Are we ever really experts?

Short answer: No.

So now you can skip the rest of this blog post, since you’re an expert on whether or not any of us is an expert. You big smarty-pants, you.

I began to wonder on this question after visiting with a friend a while back. She told me about her adventures around Alaska, detailing specific spots and towns that I had never been to. At that moment, I had to admit to her that I don’t know too much at all about our state beyond Anchorage.

Had I been to Talkeetna? No.

Homer? Not since I was nine.

Fairbanks? Never.

I felt like a total Alaskan failure. I’ve lived here my entire life and I’ve rarely been more than two hours outside of my home town. And even then, it was never for long. Yet, I’ve given advice to people, told them what to pack and where to go and when to visit. People have looked to me to be their expert several times. And, while I’ve never steered anyone too wrong, I had to stop and wonder if anyone should listen to me on this topic.

This thought led to the next question: If I can live here for 22 years and still not be an expert, then why should I trust a blogger to guide me through my travels? Once a bastion of hope for those wanting to get off the beaten path, travel blogs have become mega-conglomerates that don’t offer much more than the Lonely Planet guides, but with less research and expertise.

Yeah, there’s that word again. Three days in Paris doesn’t make us an aficianado. And yet, the internet makes it so easy to crank out these ultimate lists and grand sweeping suggestions.
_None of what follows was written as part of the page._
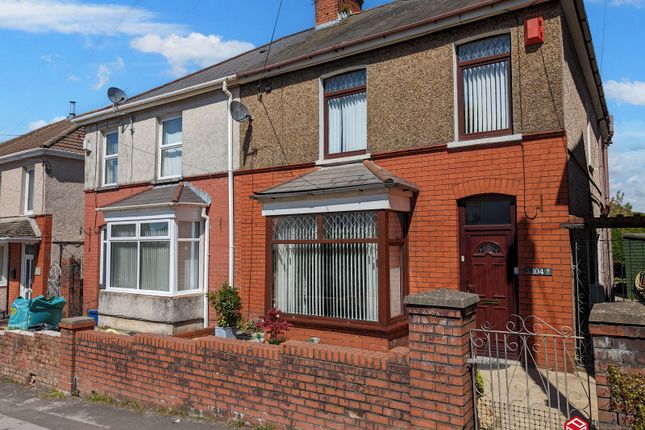 Cimla Road, Neath, Neath Port Talbot.... 3 bed semi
It begs us to pretend and put on an act, to assure our audience (whether it’s an online audience or a friend in conversation) that we know exactly what we’re talking about.

There is no difference between a hack writing a catch-all India guide after spending a week there, and me telling my relatives that they just have to visit Chena Hot Springs when I’ve never been?
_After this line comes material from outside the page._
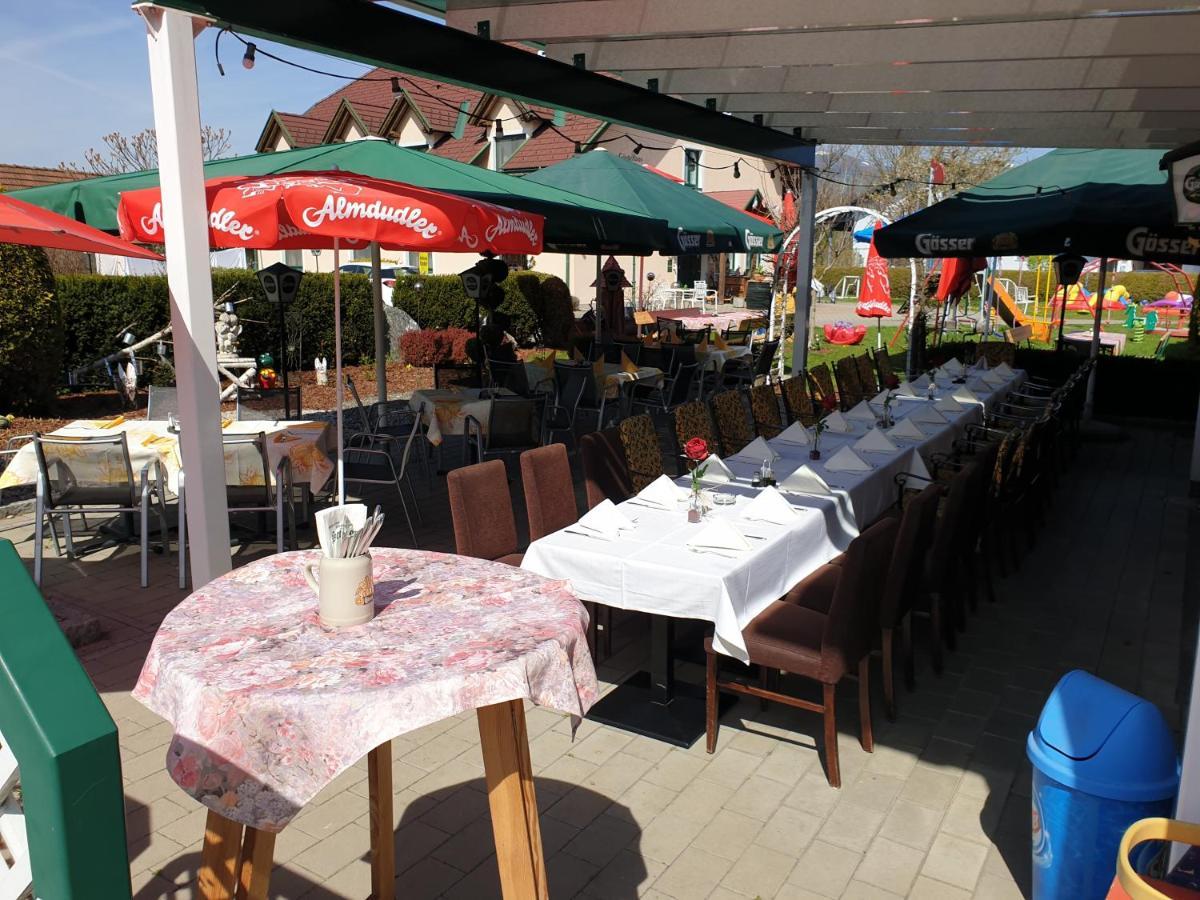 Restaurant Gaestehaus Seiger Sankt Lorenzen bei Knittelfeld Exterior foto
At what point do we admit that we are talking out of our asses?

After spontaneously booking tickets for a go-around in Europe last week, I began to do my research. I furiously Googled Ireland, Italy, the South of France, and basically everywhere in the world I’ve ever wanted to go. When I dig into research, I dig in deep. I found a million and one self-identified experts on these locations. None of them had the credentials to back them up, touting only a few days here or there in each place.

So I did the unthinkable: I cracked open an old-school travel book. Like, with hotel ratings and shit. And I got exactly what I needed. A little bit of expertise.

And it taught me a great lesson for both writing and life. Never, ever assume that you know something until you’ve seen it, experienced it, tasted it, or felt it yourself. And even then, question everything. Never tell others where to go or what to do. Instead, inspire them to go and do something in the first place.

And I did feel inspired. I realized how wrong it was for me to bitch and moan about not being able to travel these past few years, when my back yard is literally a tourist destination. There are thousands of miles of land to explore, and I’ve stuck to a very small section of it.

That’s about to change.

I started small. A trip down to Whittier, one of my favorite crappy little seaside towns. Alaska’s full of them, and Whittier is the crappiest in the best way possible. I climbed up to the window of an abandoned building. Actually, I made The Fiance reluctantly agree to climb up to the window (for, you know, science). Here, you can see him questioning how much he really loves me.

I stood on the docks and let the wind whip my face, felt the heavy rain pour down on me, and smelled the fresh fish being pulled in from the water. I wandered aimlessly for hours, with no itinerary, watching the residents of the town come and go around me. And I felt glad to be alive, and to be here, in this moment, in this place.

So no. I’m not an expert. But I hope to be someday, and this summer is the beginning of it all. I’m putting in the legwork and paying the exorbitant gas prices to make it happen. I’m giving Alaska the voice and the visual platform it’s always deserved.

How many times have I wished that a writer would dedicate blog posts to Alaska?

The answer is, a lot of times.

Now I’m going to be the one doing it. And that, in itself, is a dream come true.